Imagen extráida de Nueva Crónica y Buen Gobierno, de Felipe Guamán Poma de Ayala, 1615

Estas referencias musicales más otras, como la que describe el ingreso de los españoles a la plaza de Cajamarca el 16 de noviembre de 1532, ante centenares de músicos tocadores de pututos y pincollos, o aquella referida a los tonos agudos de instrumentos y voces (alusión a «la preferencia aborigen por el falsete agudo» y citada también por Stevenson) que «herían de tal manera los oídos de los españoles, como insoportablemente altos y agudos…», todas ellas, repito, nos hablan de hechos musicales importantes que demuestran un extraño y sorprendente paralelo con las técnicas contemporáneas de composición. No existe testimonio sonoro, es verdad, de lo descrito por los cronistas, pero existen rasgos de evidencia al imaginar un universo sonoro con conceptos de afinación ajenos al establecido en Europa; con material sonoro (melódico y armónico) opuesto a las funciones y relaciones tonales elaboradas en Occidente; con aparato instrumental y tesituras vocales disímiles a las establecidas por la arcaica academia; y con concepciones espaciales relacionadas a la ubicación estereofónica y a la ejecución simultánea de masas sonoras en planos diferenciados, contrarias a la severidad escénica de la época; universo que, posteriormente, será destruido por la imposición de: afinaciones acordes con leyes acústicas convencionales; de materiales tonales (escalas y triadas) de tipo funcional; de tesituras vocales ligadas a la práctica coral europea; de timbres instrumentales importados; y de concepciones paramétricas derivadas de la cuadratura occidental, es decir: métrica binaria, interválica de corte pitagórico y estructuras formales académicas.

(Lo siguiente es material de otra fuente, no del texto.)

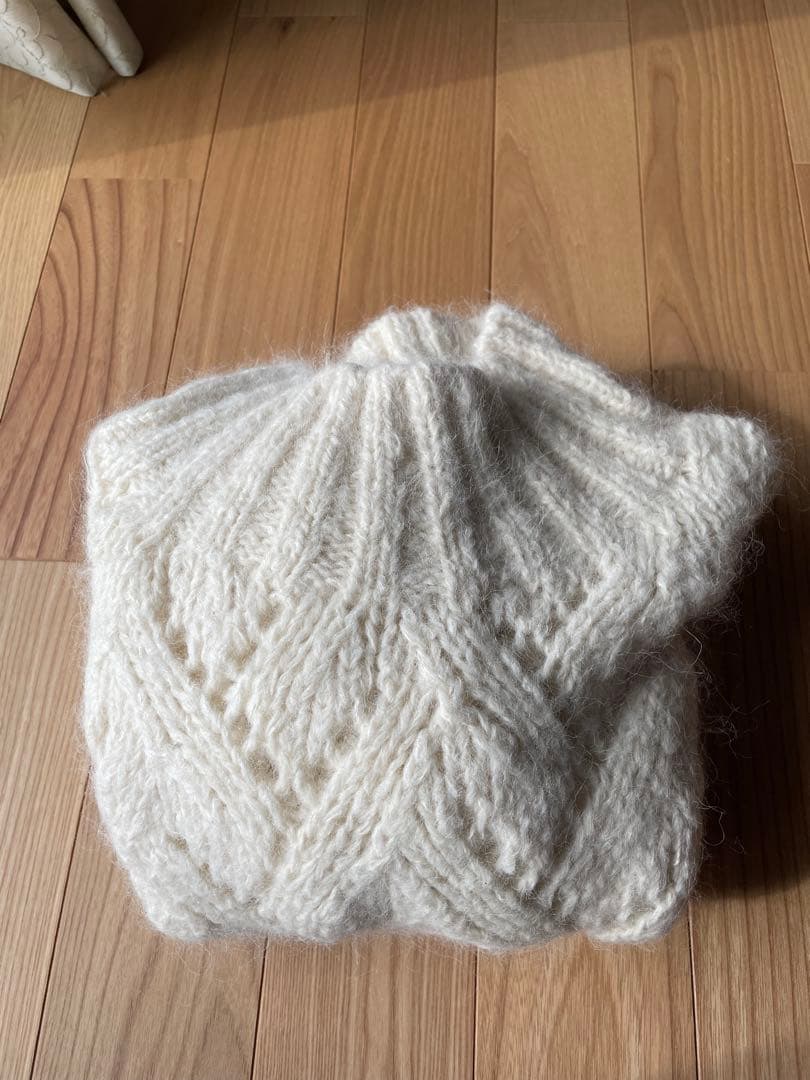 かぐれ　スリアルパカプルオーバー　ニット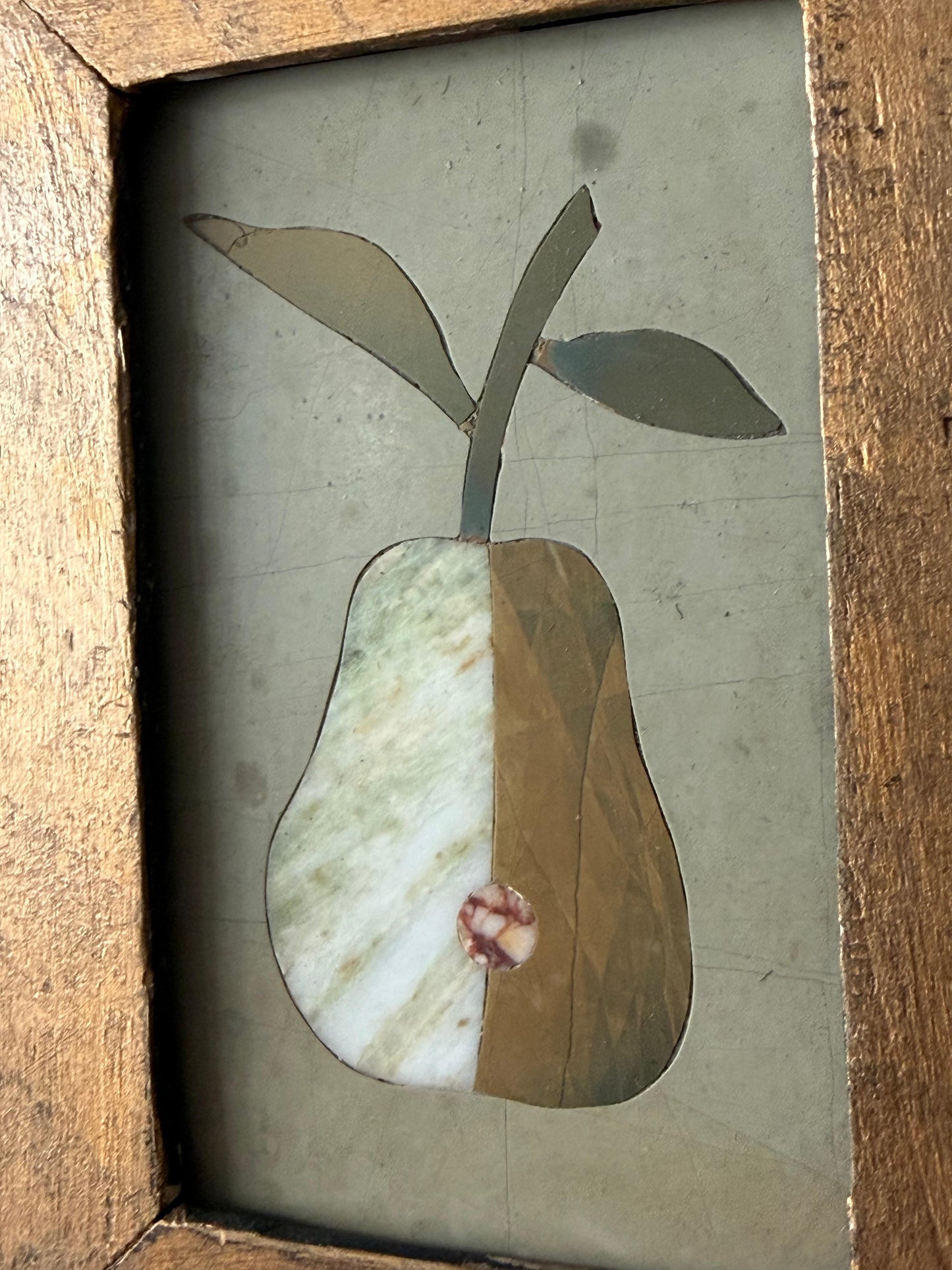Frisman Vintage Richard Blow Attributed Montici Pietra Dura Plaque ca' 1960's Miniature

Durante todo el proceso del mestizaje musical se distorsionaron las expresiones musicales primigenias y se calzó el pentafonismo y su derivado mestizo, la escala menor de procedencia modal mixta, en un lenguaje musical comprensible para el oído europeo.

En apoyo a estas reflexiones menciono la palpable y tangible evidencia de las asombrosas creaciones de los antiguos tejedores peruanos. James W. Reid, firmante de concienzudos estudios sobre textiles peruanos, declaraba en 1970 que al visitar una galería londinense «quedó mudo» al contemplar un óleo surrealista, «hazaña creativa del siglo XX», declara Reid, «que bien parecía una copia de una serie de tejidos de la Cultura Chimú»… Por un lado la visión del hombre andino precolombino y, por otro, la concepción del hombre occidental en el mundo contemporáneo, llevan a Reid a establecer en forma similar a mi propuesta musical un paralelismo entre el arte textil peruano y las tendencias pictóricas modernas. Más allá de lo que yo llamo la paradoja andina de la modernidad, están las concepciones dialécticas occidentales sobre el tema.

Mi segundo pensamiento es una tesis con la que intento determinar el inicio del modernismo musical en el Perú.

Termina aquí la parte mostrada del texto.